O ano 2017 parece que não será diferente e os crimes têm se tornado cada vez mais violentos, conforme esclarece o Manifesto: “Neste ano vimos a crueldade do assassinato de nove trabalhadores rurais em Colniza, no Mato Grosso; o ataque que decepou e feriu indígenas Gamela no Maranhão; a chacina de Pau D’Arco que assassinou dez trabalhadores sem-terra no Pará orquestrado pela polícia militar; em julho em menos de uma semana duas lideranças quilombolas foram assassinadas cruelmente na Bahia; somente Rondônia apresenta 13 mortes em conflitos rurais e a Amazônia Legal caracteriza-se como o palco mais emblemático de chacinas e torturas do país”.
Também é evidenciada no texto a decisão do governo brasileiro de priorizar o modelo agroexportador concentrador de terras “com base em práticas ilícitas, conflitos fundiários e grilagem. O que implicou ciclo perene, estrutural e severo de violência, assassinatos aos povos do campo, das águas e florestas e impunidade aos grandes proprietários de terras e empresas violadoras de direitos humanos.”

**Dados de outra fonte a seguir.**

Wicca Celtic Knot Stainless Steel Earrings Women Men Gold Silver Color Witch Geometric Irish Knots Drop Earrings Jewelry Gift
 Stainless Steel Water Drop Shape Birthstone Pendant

O Manifesto vem a público um dia após a sessão na Câmara dos Deputados que barrou a abertura do processo contra Michel Temer por corrupção passiva resultante de relação ilícita estabelecida com uma grande empresa do agronegócio, o frigorífico JBS. Vale ressaltar que dos 263 deputados que votaram pelo fim da denúncia contra Temer, 129 foram da Frente Parlamentar da Agropecuária (FPA), conforme apurou o repórter Alceu Castilho, do De Olho nos Ruralistas (Ler: Metade dos votos para Temer saiu da Frente Parlamentar da Agropecuária)
A denúncia, feita pelo procurador-geral da República Rodrigo Janot, aponta que o peemedebista Michel Temer – que assumiu a Presidência da República em 2016, após o golpe que destituiu do cargo a presidenta Dilma Rousseff, eleita em 2014 para o segundo mandato com 54% dos votos de brasileiras e brasileiros – teria beneficiado o dono do frigorífico JBS, Joesley Batista, em troca de favores.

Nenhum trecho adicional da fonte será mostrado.